I finally got the domain-deployment working:
The test-script is like this:
cp_user=$1
password=$2
CP_Domain=TestDomain
CMA_IP=10.64.54.250
CMA=Test-mgmt
MDM_Server=CPMGT01
cp_api_url="https://fwmgmt/web_api"
cp_vs_name=vs-Test
VSX_Cluster=VSX_Cluster_1
NB_VM_PRI_IP=7.7.7.1
NB_VS_INT="add interface name bond1.3333 ip 7.7.7.1/29, add interface name bond1.3334 ip 192.168.100.1/24"
# check if an array contains a specific value
containsElement () {
local array="${@:2}"
for((i=0;i<${#array[@]};i++))
do
if [ "${array[$i]}" == "$1" ]; then
return 0
fi
done
return 1
}
# check the status of a task. is it "in progress"? if 'yes' return 0, else return '1'
is_status_in_progress() {
# call the 'show-task' API, save result to a JSON file.
curl -s -k -H "Content-Type: application/json" -H "X-chkp-sid: $SID" -X POST -d '{ "task-id" : "'$CP_TASKID'" }' $cp_api_url/show-task | jq > show_task_result.json
# use JQ to get the status. $STATUS is an array becuase there could be 'child' tasks.
STATUS=$(jq -r '.tasks[].status' show_task_result.json)

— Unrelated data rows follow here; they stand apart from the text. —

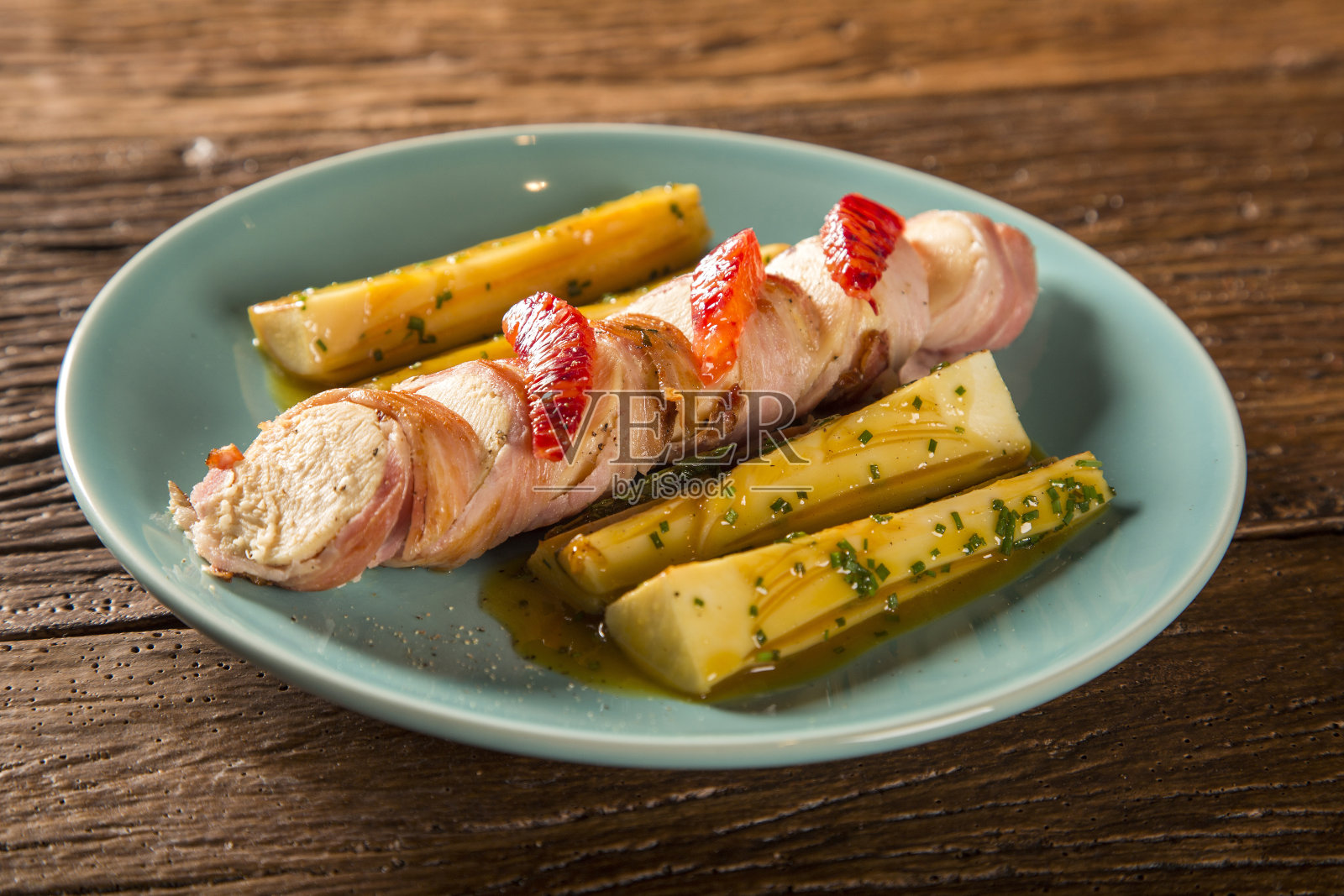 美味的培根鸡和棕榈烤pupunha照片摄影图片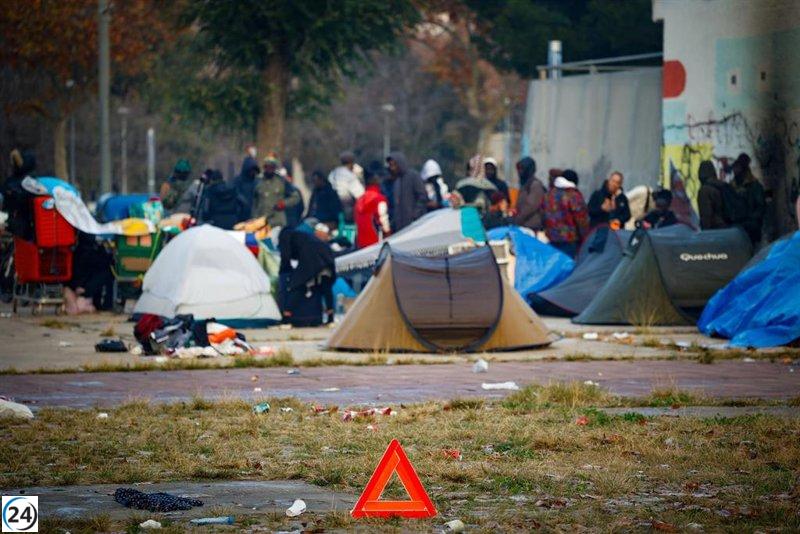 Organizaciones trasladan a 52 personas desalojadas del B9 en Badalona, excluyendo a la parroquia.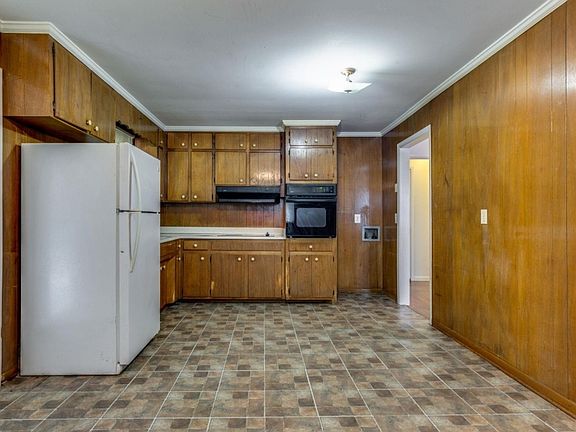 5th image of 917 Winthorne Dr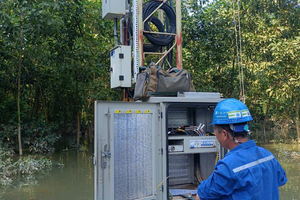 工作人员修理网络系统。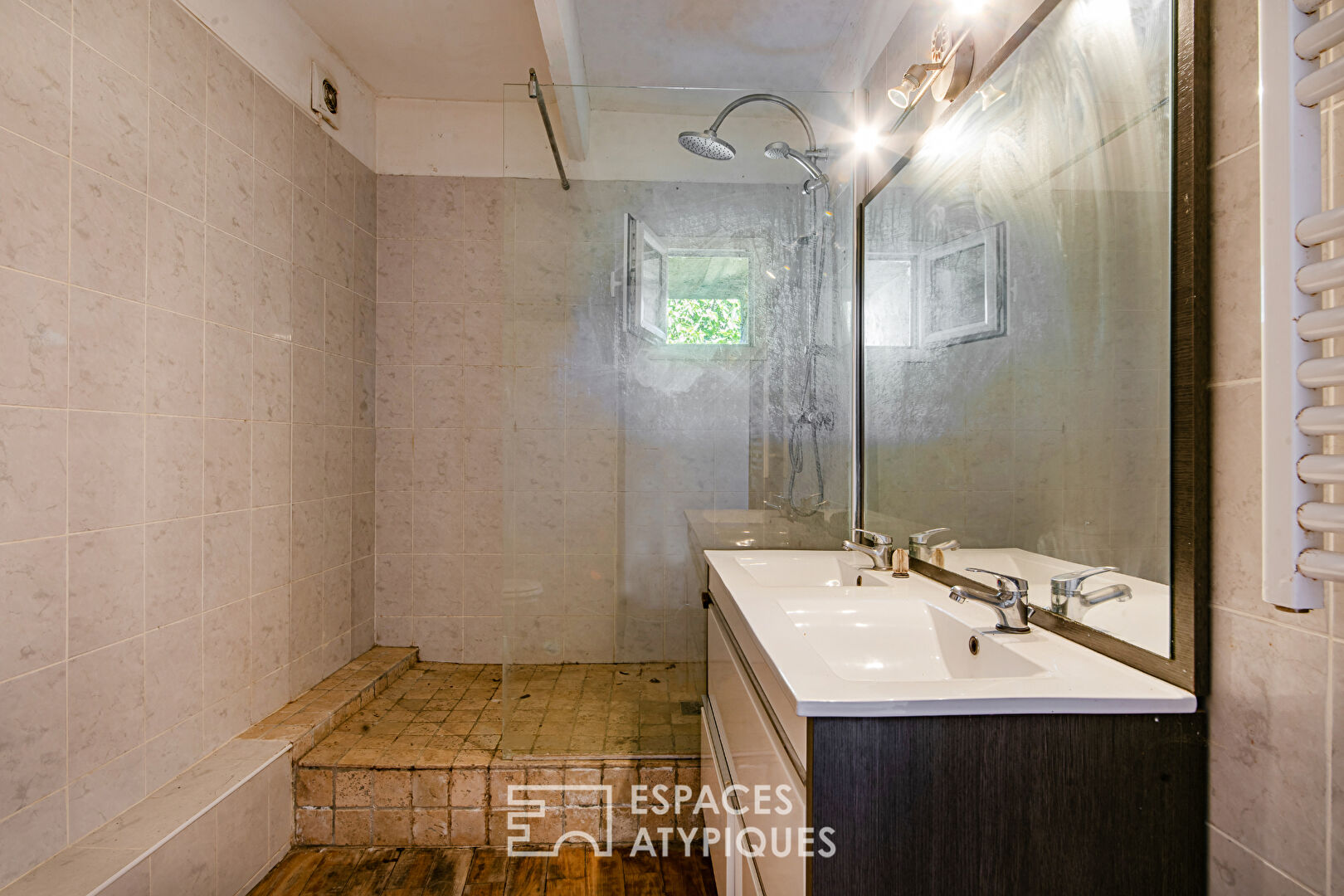 Stone village house – private garden and roof terrace
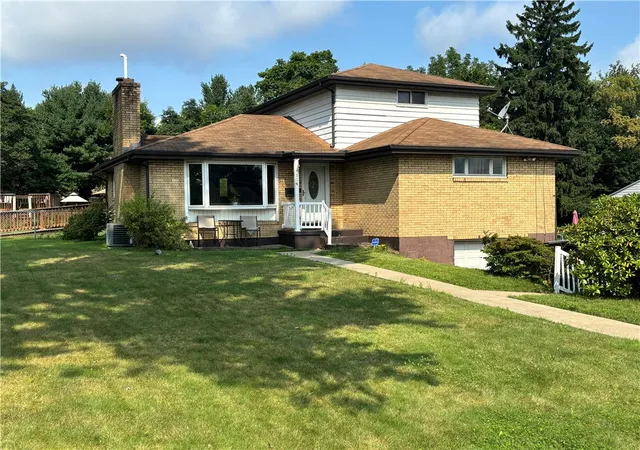 Photo 3 of Single family home for sale at 114 Carson St, Monroeville, PA 15146 | MLS# 1769802 | Listing updated on 2026-09-02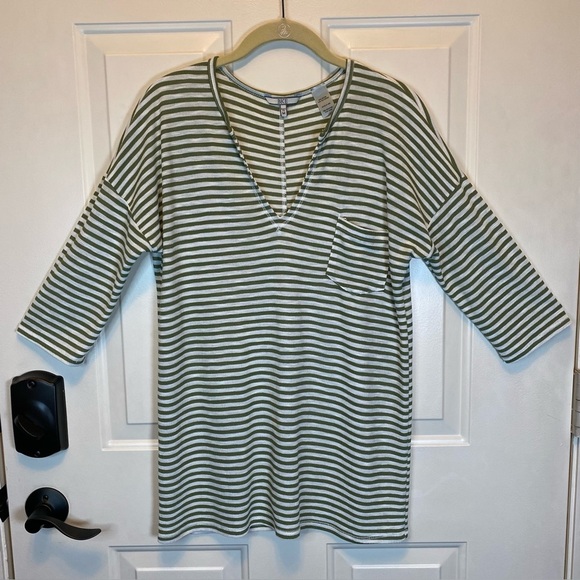 BKE Olive  Green & Off White Striped 3/4 Dolman Sleeve Knit Shirt Top Sz M - Picture 1 of 11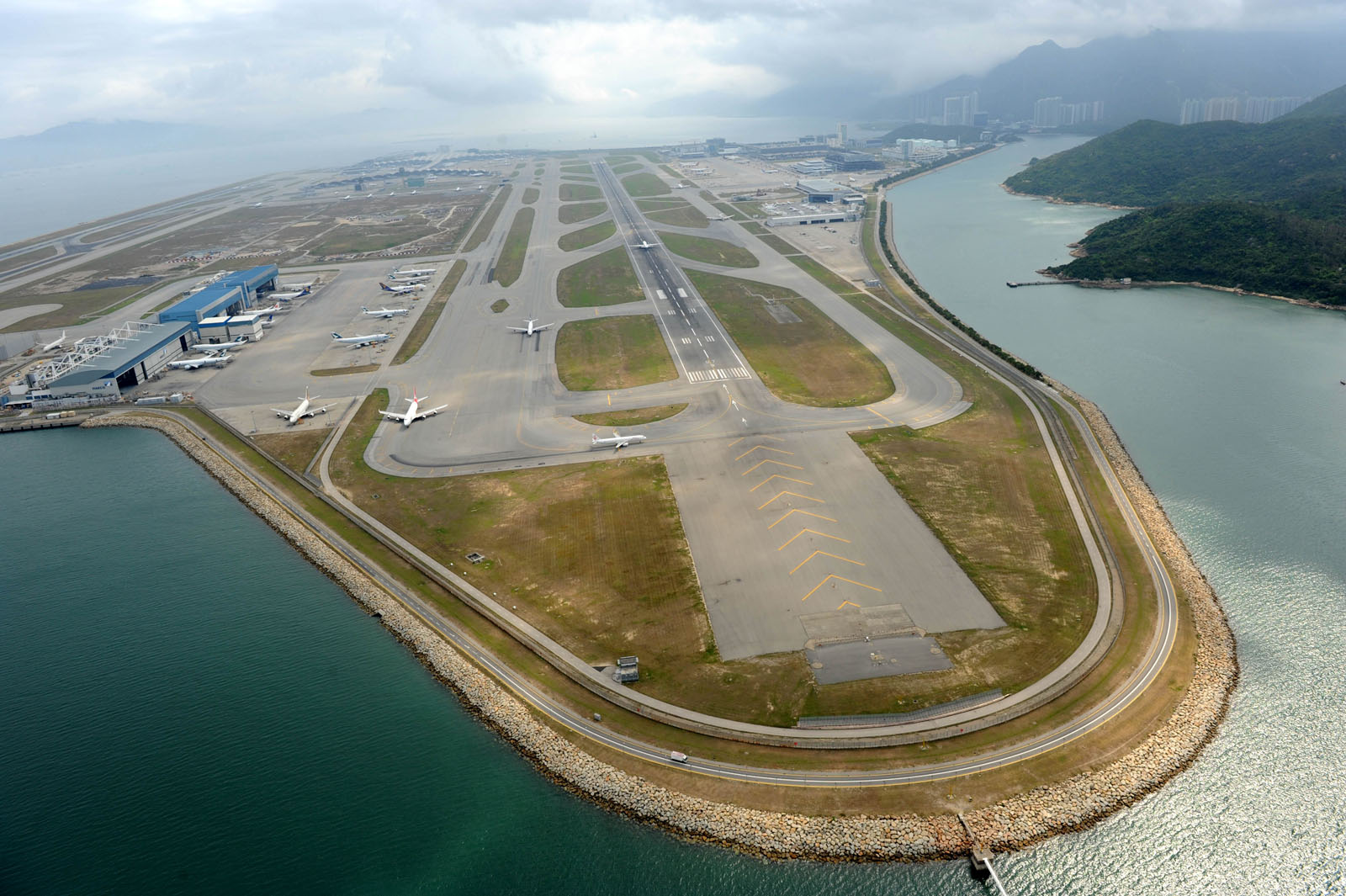 相片 1: 香港國際機場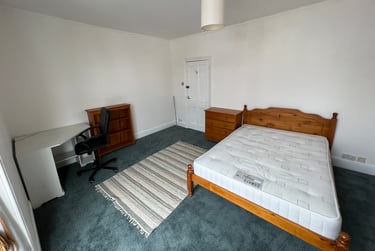 3 bed house, Salisbury road, Mount pleasant, Exeter, EX46LU - Image 2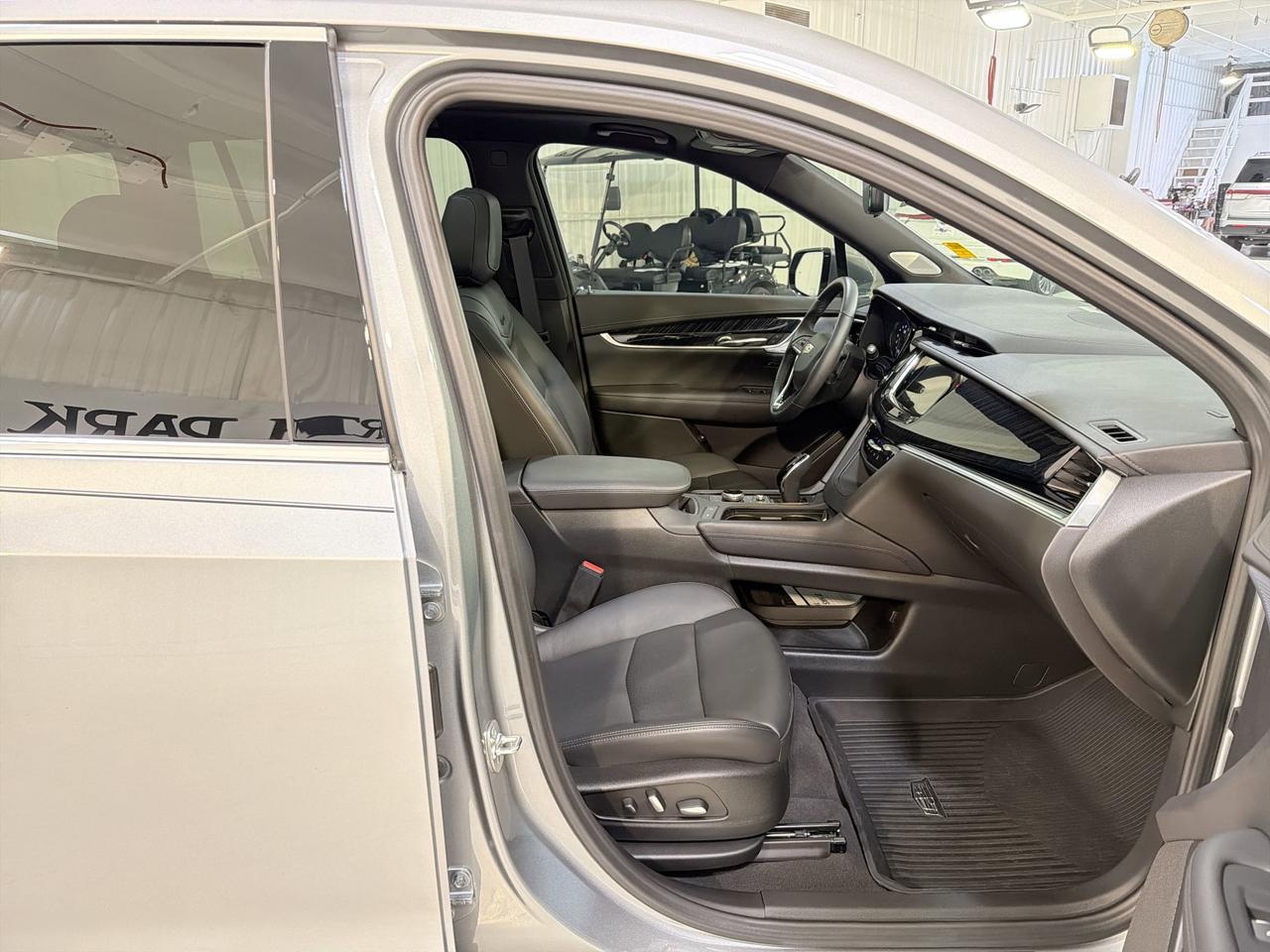 2025 Cadillac XT6 FWD Premium Luxury San Antonio TX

PERCENTAGE=$(jq -r '.tasks[]."progress-percentage"' show_task_result.json)
# go over the array look for 'in progress'
containsElement "in progress" ${STATUS[@]}
IS_IN_PROGRESS=$?
}
# as long as the task is in progress, wait 3 seconds and check again.
wait_for_task() {
is_status_in_progress
while [ $IS_IN_PROGRESS == "0" ]
do
echo "in progress. $PERCENTAGE Percent completed"
is_status_in_progress
sleep 3
done
}
SID=`curl -s -k -H "Content-Type: application/json" -H "Accept: bla" -X POST "$cp_api_url/login" -d "{\"user\":\"$cp_user\",\"password\":\"$password\"}" -s | awk -F\" '/sid/ {print $4}'`
CP_TASKID=`curl -s -k -H "Content-Type: application/json" -H "X-chkp-sid: $SID" -X POST -d '{"name":"'$CP_Domain'","servers":{"ip-address":"'$CMA_IP'","name":"'$CMA'","multi-domain-server":"'$MDM_Server'"}}' $cp_api_url/add-domain | jq | grep '"task-id"' | awk -F'["]' '{ print $4 }'`
#Wait for deployment is done
echo "Deploying new domain $CP_Domain"
wait_for_task
#Add domain to trusted-client
echo "Deployment status for domain $CP_Domain: ${STATUS[@]}"
#reset task-id variable
CP_TASKID=
echo "Adding Domain to trusted-client AnyHost"
curl -s -k -H "Content-Type: application/json" -H "X-chkp-sid: $SID" -X POST -d '{"name":"AnyHost","domains-assignment":{"add":"'$CP_Domain'"}}' $cp_api_url/set-trusted-client # send to log
#publish Trusted client addition
CP_TASKID=`curl -s -k -H "Content-Type: application/json" -H "Accept: bla" -H "X-chkp-sid: $SID" -X POST -d '{}' $cp_api_url/publish | jq | grep '"task-id"' | awk -F'["]' '{ print $4 }'`
echo "Publishing new trusted client config"
wait_for_task
echo "Publishing status for trusted client AnyHost for $CP_Domain: ${STATUS[@]}"
<here would go further deployment scripting, like VSX deployment>
echo "logging out"
#curl -k -H "Content-Type: application/json" -H "Accept: bla" -H "X-chkp-sid: $SID" -X POST -d '{}' $cp_api_url/logout
rm ./show_task_result.json
Hopefully someone else can make use of this somewhere.